● Required work
Print the listing below only from the line that has "Apartamento Pantheon Square View Komotini" through the line that has "Toyota C-HR 1.8 HSD 4x2 CVT C-lassy - 19", exactly, and drop any picture.

● Material provided
________________________

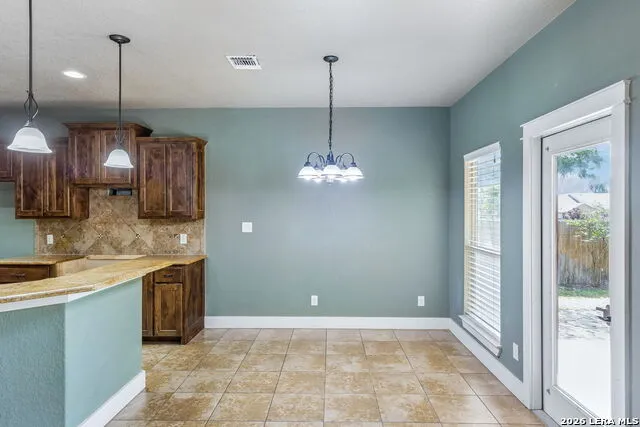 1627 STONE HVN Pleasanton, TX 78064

________________________

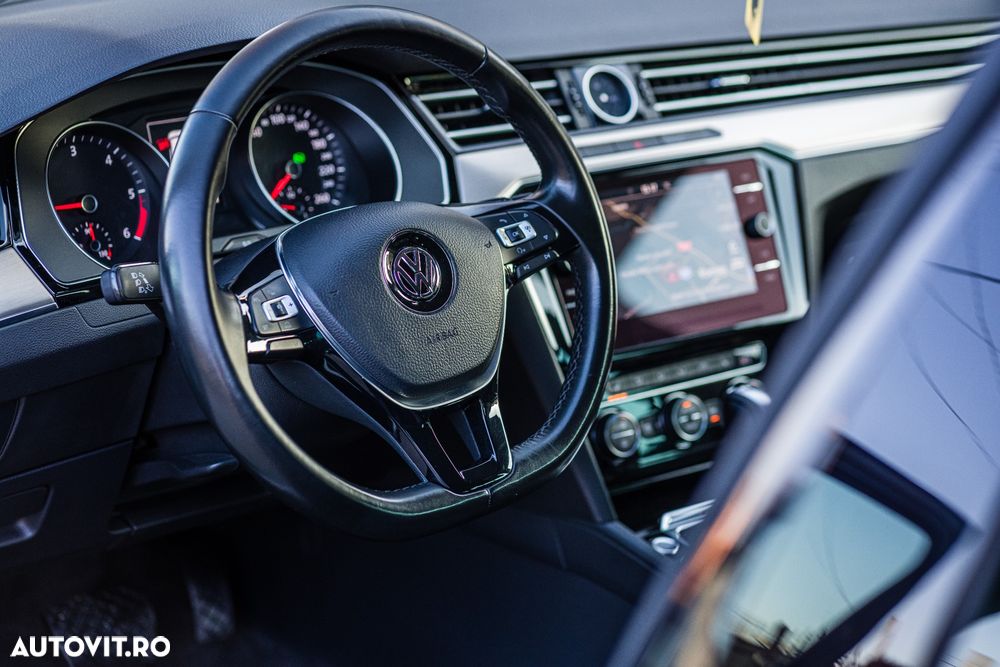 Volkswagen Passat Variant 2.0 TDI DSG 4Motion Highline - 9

________________________

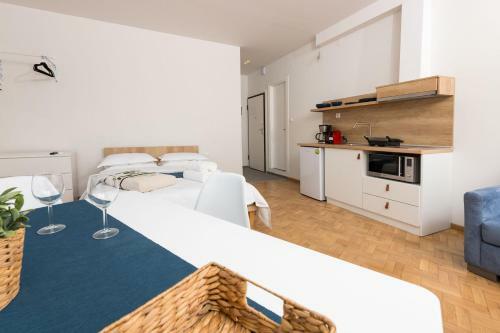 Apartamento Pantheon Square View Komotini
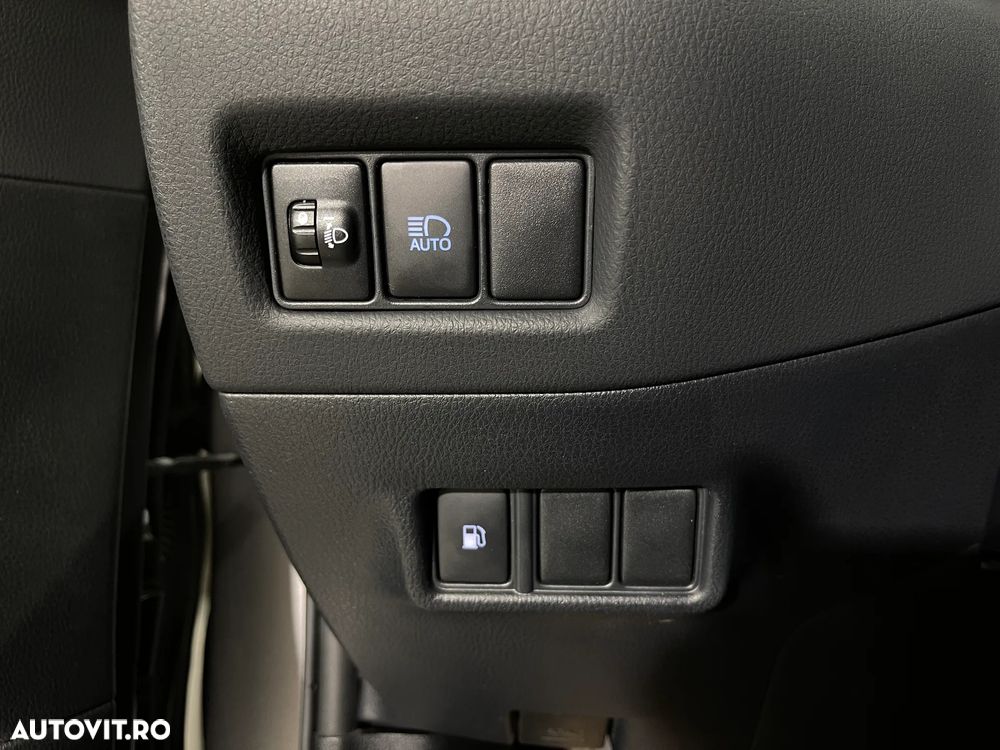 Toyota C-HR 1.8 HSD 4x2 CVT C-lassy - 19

________________________

● Solution to the exercise
 Apartamento Pantheon Square View Komotini
 Toyota C-HR 1.8 HSD 4x2 CVT C-lassy - 19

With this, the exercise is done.